Profits increase when a company's cost to produce and deliver a good or service decreases. Because lower manufacturing costs increase profits, companies are willing to increase production, even if there is no change in the price. Conversely, manufacturers would reduce the supply of goods and services following an increase in their cost to produce a product if there is no change in its price. Any event that changes a company's cost to manufacture a good or service will cause a change in supply of that good or service.Technological advances, lower input costs, tax cuts, subsidies, and more lenient regulations reduce a manufacturer's cost and induce them to raise their level of production. Conversely, higher input prices, tax increases, and costly regulations increase costs and reduce supply.

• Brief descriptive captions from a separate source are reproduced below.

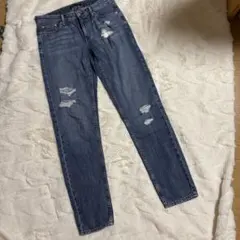 【美品】Theory セオリー ダメージ加工 デニムジーンズ インディゴ 25のサムネイル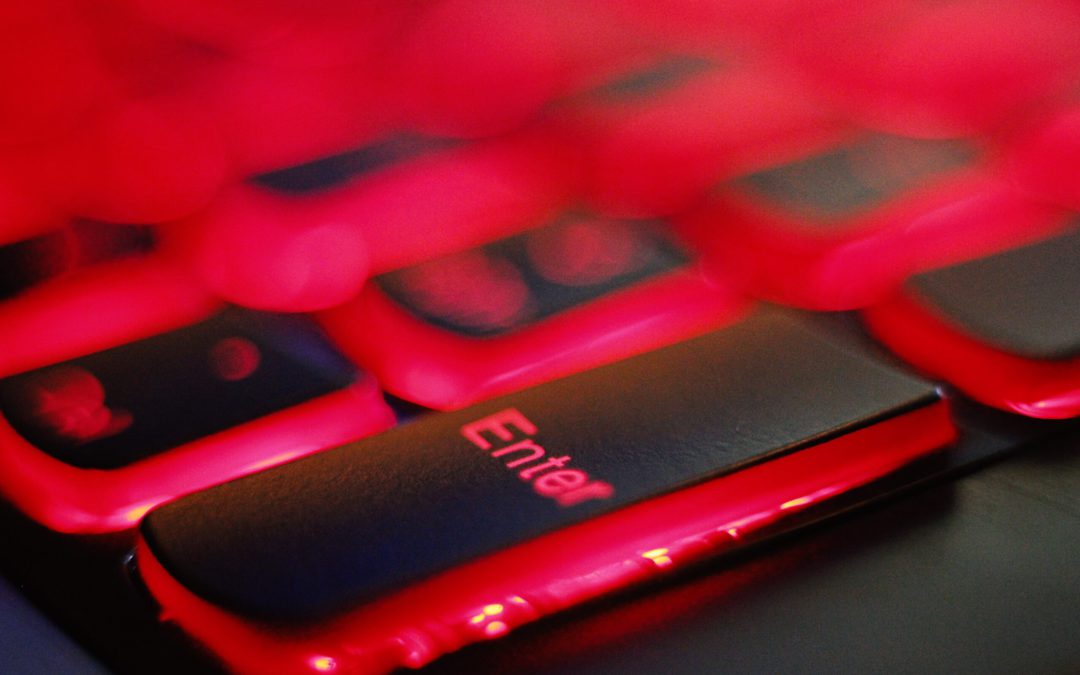 a close up of a red and black keyboard
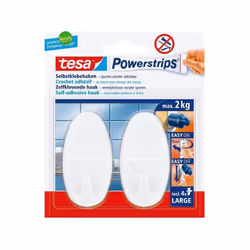 GANCIO AUTOADESIVO OVALE BIANCO POWERSTRIPS, marchio Tesa, è un prodotto ideale per il tuo ufficio o per la tua casa. Può ess ...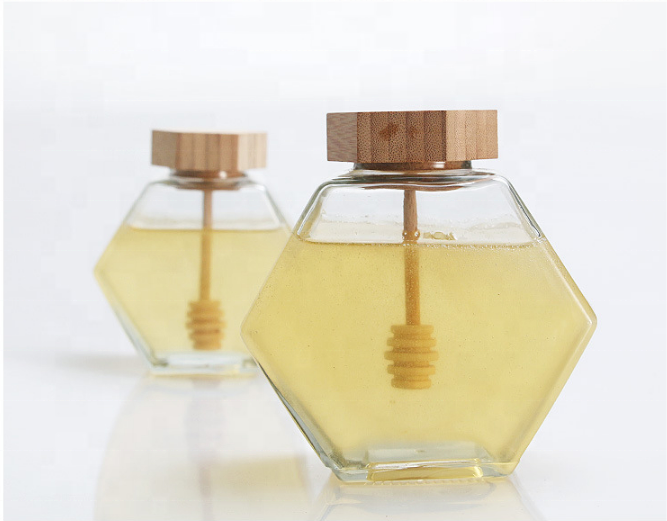 Clear 100ml 220ml 380ml hexagon glass honey pot jar storage bottle with wooden bamboo lid dipper bee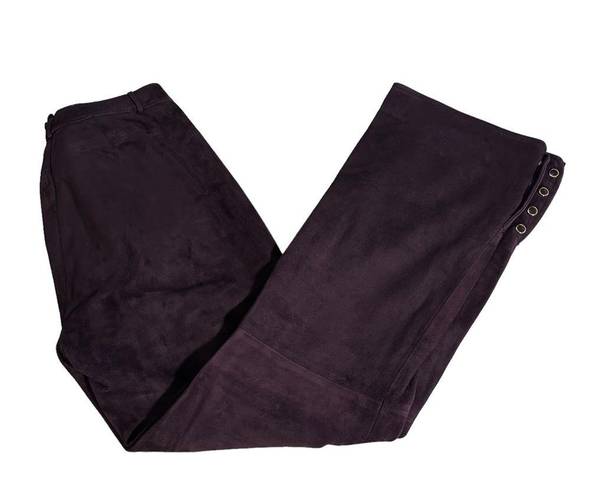 St. John  Purple Suede Leather Bootcut Pants Sz 6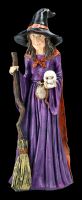 Witch Figurine with Broom and Skull
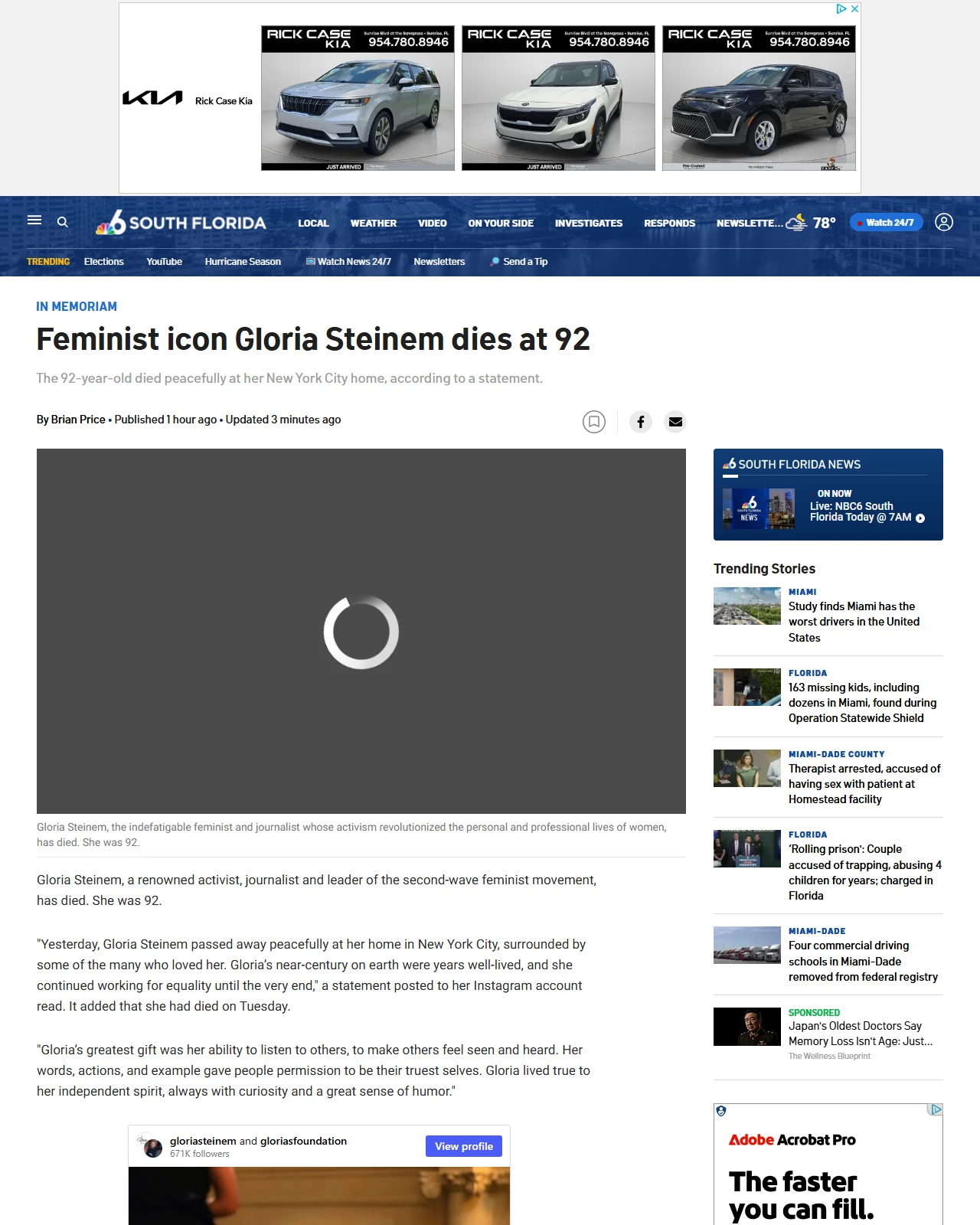 nbcmiami.com as published: Feminist icon Gloria Steinem dies at 92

Factors other than a direct cost such as the cost of other products can also influence businesses to alter their production. Maximizing the expected profit remains the motivation for the change in supply. For example, farmers may choose to substitute corn for soy beans if the price of corn increases. The opportunity cost of planting soy beans has increased, so farmers plant fewer acres of soy beans and more of corn. The entry and exit of firms into an industry change the market supply. Political disruptions and natural disasters may also impact supply.
Suppliers are also willing to increase production at higher prices, ceteris paribus. This results in an increase in the quantity supplied, rather than an increase in the supply. Changes in quantity supplied are represented graphically by movement along the existing supply curve. A change in supply causes the entire supply curve to shift. To illustrate the distinction between a change in the supply and a change in the quantity supplied assume the price of gasoline decreases by $1.00 a gallon. Jane the babysitter is thrilled. She can now expand her market since it is less expensive to travel to clients' homes. Her supply curve shifts to the right. Jane would be willing to increase the number of hours she babysits at every price along the supply curve. This is shown on Graph 1 below. Prior to the decrease in gas prices she was willing to babysit 35 hours per month at $8.00 an hour. After the drop in gas prices, she is willing to babysit 45 hours a month without increasing her fee. This differs from her willingness to increase the number of hours she babysits if she is able to raise her price. In this case we have movement along the supply curve. For example, if Jane could charge $9.00 an hour she would be willing to babysit 37 hours per month. This is illustrated on Graph 2.
An easy test in identifying whether there would be a change in supply or a change in the quantity supplied is to ask, "Would a producer change the amount supplied if there is no change in price?". If the answer is "Yes", then there would be a change in the supply. "No" means there is a change in the quantity supplied. Increases in supply cause the curve to shift to the right, while decreases cause it to shift to the left.